REQUIREMENT => Each record below is to be retyped exactly, with its pictures omitted.

Data entries

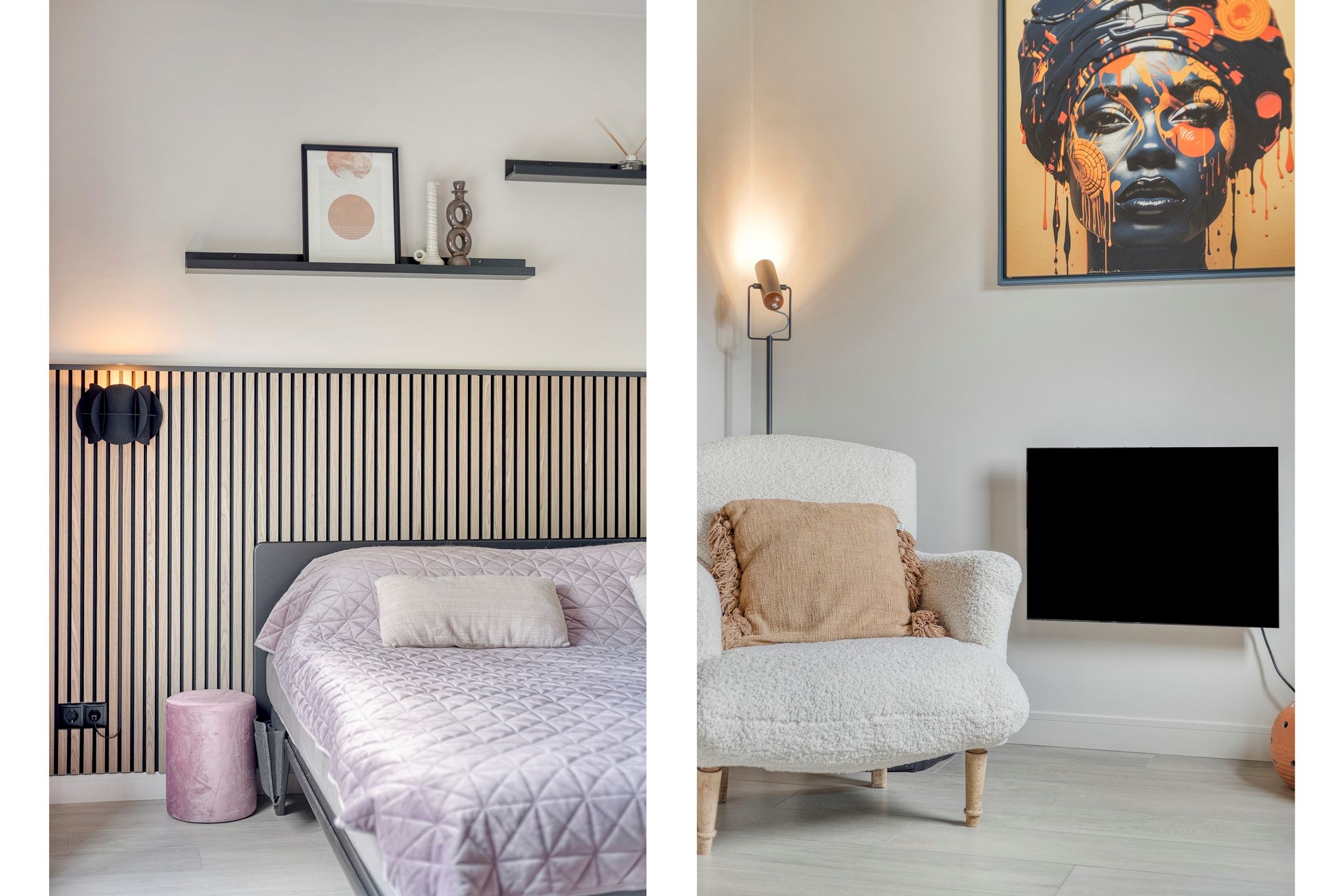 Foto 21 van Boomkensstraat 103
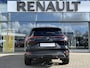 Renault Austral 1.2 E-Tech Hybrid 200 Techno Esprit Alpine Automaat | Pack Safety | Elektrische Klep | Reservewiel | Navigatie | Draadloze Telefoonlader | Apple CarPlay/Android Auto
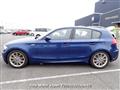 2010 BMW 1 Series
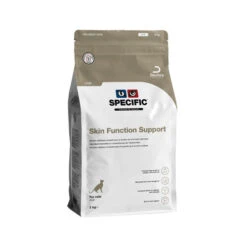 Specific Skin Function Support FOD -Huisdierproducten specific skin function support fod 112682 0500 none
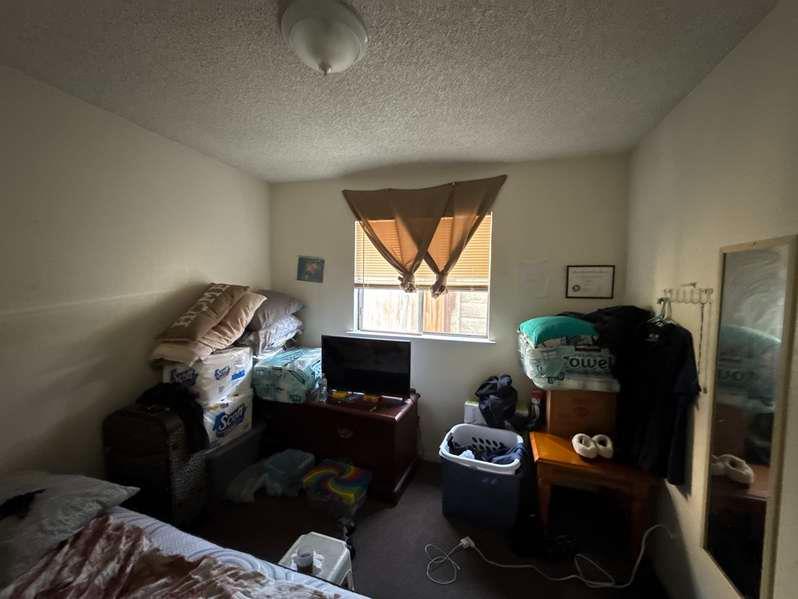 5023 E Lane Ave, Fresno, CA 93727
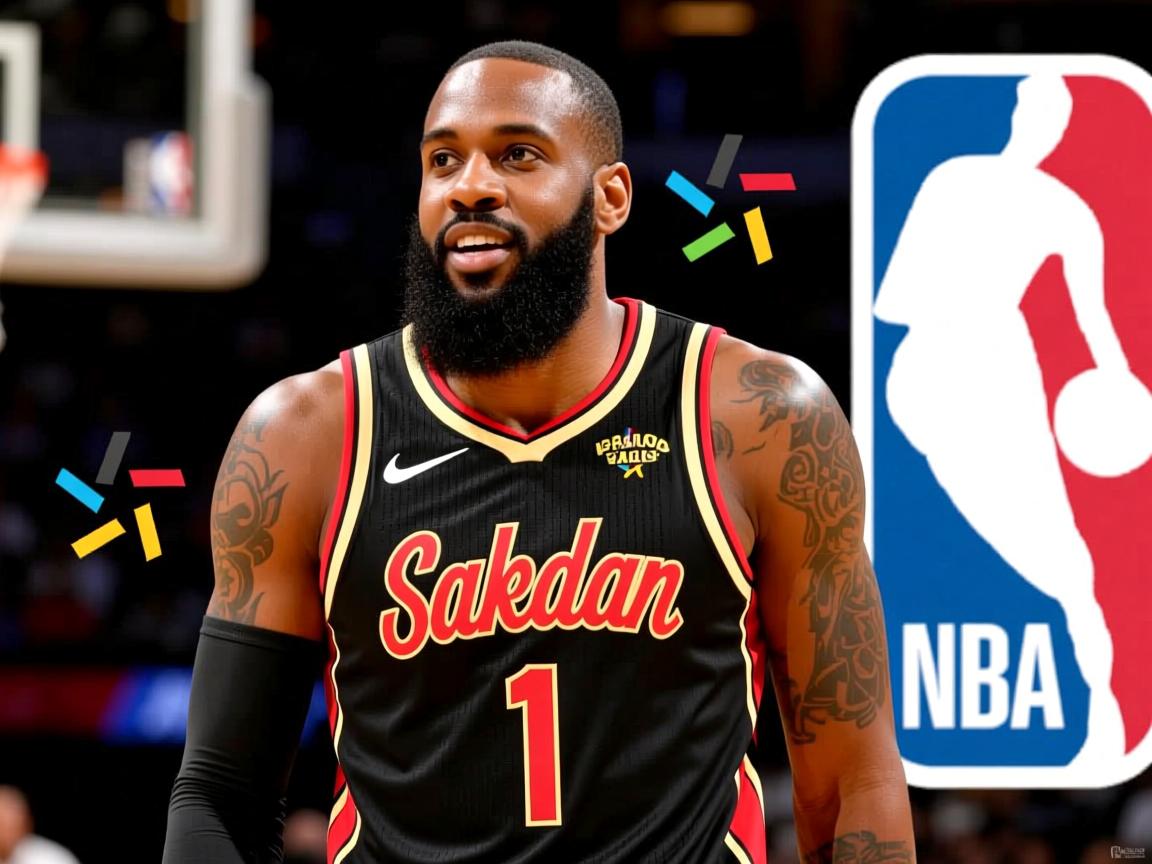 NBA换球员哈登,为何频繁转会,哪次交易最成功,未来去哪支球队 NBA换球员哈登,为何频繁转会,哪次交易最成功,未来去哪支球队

YOUR SOLUTION =>
 Foto 21 van Boomkensstraat 103
 Renault Austral 1.2 E-Tech Hybrid 200 Techno Esprit Alpine Automaat | Pack Safety | Elektrische Klep | Reservewiel | Navigatie | Draadloze Telefoonlader | Apple CarPlay/Android Auto
 2010 BMW 1 Series
 Specific Skin Function Support FOD -Huisdierproducten specific skin function support fod 112682 0500 none
 5023 E Lane Ave, Fresno, CA 93727
 NBA换球员哈登,为何频繁转会,哪次交易最成功,未来去哪支球队 NBA换球员哈登,为何频繁转会,哪次交易最成功,未来去哪支球队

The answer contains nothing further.